Low-Key Style May Be Challenged

SUPREME COURT: SOUTER HEARING

September 12, 1990

SUPREME Court nominee David H. Souter heads into Senate confirmation hearings tomorrow barely any better understood than when President Bush plucked him from the somewhat obscure United States Court of Appeals for the First District and thrust him into the national spotlight two months ago. The LEXIS service (a data base on legal matters) was bombarded with a 600 percent increase in computer searches of New Hampshire court files in July as the media, legal community, and Senate staff began digging for clues to the workings of Judge Souter's legal mind.

But the Senate Judiciary Committee still finds itself having to craft questions it hopes are air-tight enough to force Souter to say what the record doesn't: how he might rule on controversial issues of the day - such as abortion, church-state separation, and civil rights.

Most observers say that if Souter and the Bush administration handlers who have drilled him in mock hearings have their way, he won't offer prejudgments on issues he hasn't confronted in court before.

``He's going to get confirmed,'' says Tom Korologos, a Capitol Hill lobbyist who was handled numerous court nominations for Republican administrations. ``But it's not going to be a piece of cake. They've got to dig deeper into who this person is.''

But both Republican and Democratic observers say the atmosphere for the Souter confirmation hearings, expected to last through next week, is already significantly more favorable than that of his immediate predecessors.

A drawn-out hearing is less likely than in other situations, since the Senate is facing a major budget battle as well as the the military crisis in the Mideast, suggests Ronald Collins, a visiting associate professor of law at the Catholic University of America.

Though many liberal groups have voiced concern about the Souter nomination, only the National Organization for Women has opposed him.

And last week, the American Bar Association's judicial screening panel gave Souter its unanimous top rating of ``well qualified.''

``We've all been frustrated by this type of nomination. ... He was chosen because he apparently had no record,'' says Kate Michelman, executive director of the National Abortion Rights Action League.

Ms. Michelman has pushed for Senate Judiciary Committee Democrats to ask Souter directly if he recognizes a woman's right to an abortion.

Souter's ``antiseptically bland and unedifying background on the fighting issues of the day'' is his ``out'' on such direct questioning, says Bruce Fein, a conservative constitutional scholar. ``He'll state he has an open mind on all issues that he hasn't confronted before and resist comment.''

Other than helping Souter ``bone up on constitutional law'' and review tapes of previous confirmation hearings, the Bush administration is not advising the nominee at all on how to respond to any legal questions, insists Fred McClure, assistant to the president for legislative affairs.
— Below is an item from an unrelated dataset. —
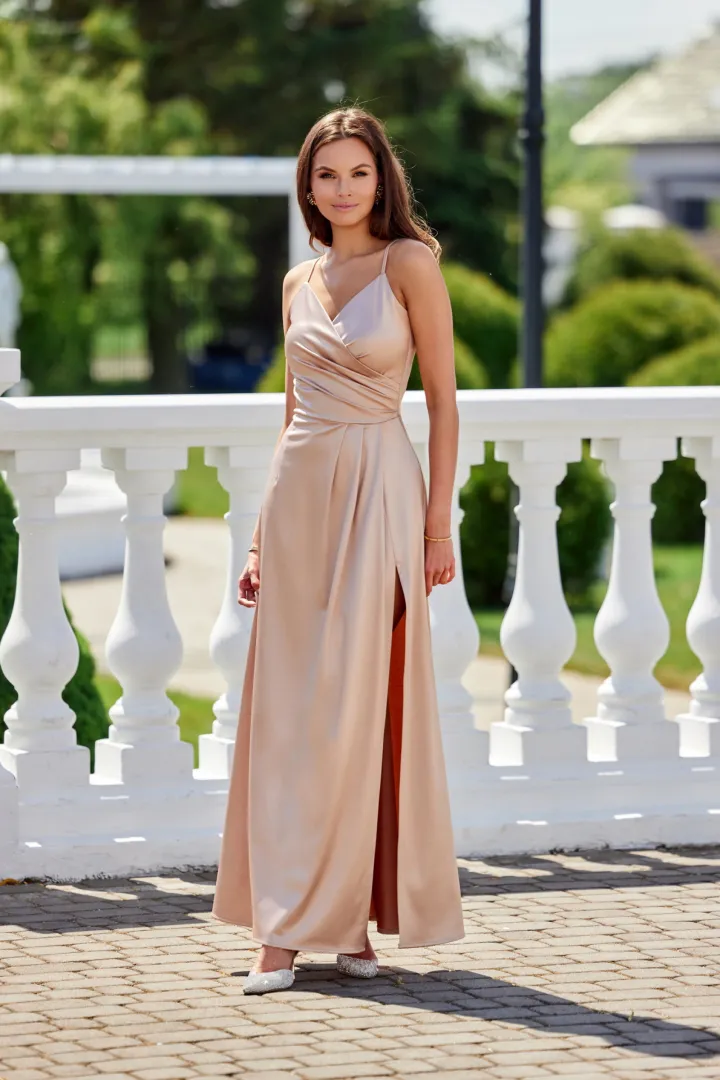 Salma - elegantes Satin-Maxikleid mit Drapierung und hohem Schlitz in Beige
Souter had been a federal judge for only two months before being nominated for the Supreme Court, and thus had no significant record on the federal bench. His record as New Hampshire attorney general and state supreme court judge is full of work-a-day state court opinions on criminal law cases, wills, contracts and workers' compensation. He has left only the slightest of paper trails that would hint about his judicial philosophy on more telling legal issues of the day, say those who have studied his record.
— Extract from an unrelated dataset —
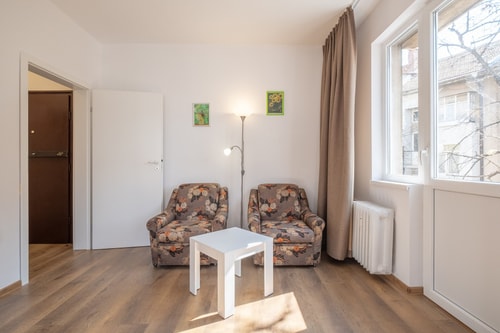 Peaceful downtown location - 2 bedroom apartment 10 Flat Manager Booking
Media dissection of his ascetic personal life - which suggests a provincial but well-read bachelor outdoorsman given to wry humor - has raised questions about the limited range of his human experience while indicating little about the way the man thinks legally.

Some often-cited signposts of Souter's conservative leanings include: his argument as state attorney general that the federal Voting Rights Act unconstitutionally abolished the state's literacy test; a 1976 speech in which he called affirmative-action programs ``affirmative discrimination,'' and an advisory opinion he signed while on the state supreme court that said the state would not violate the state or federal constitutions if it barred homosexuals from becoming foster or adoptive parents.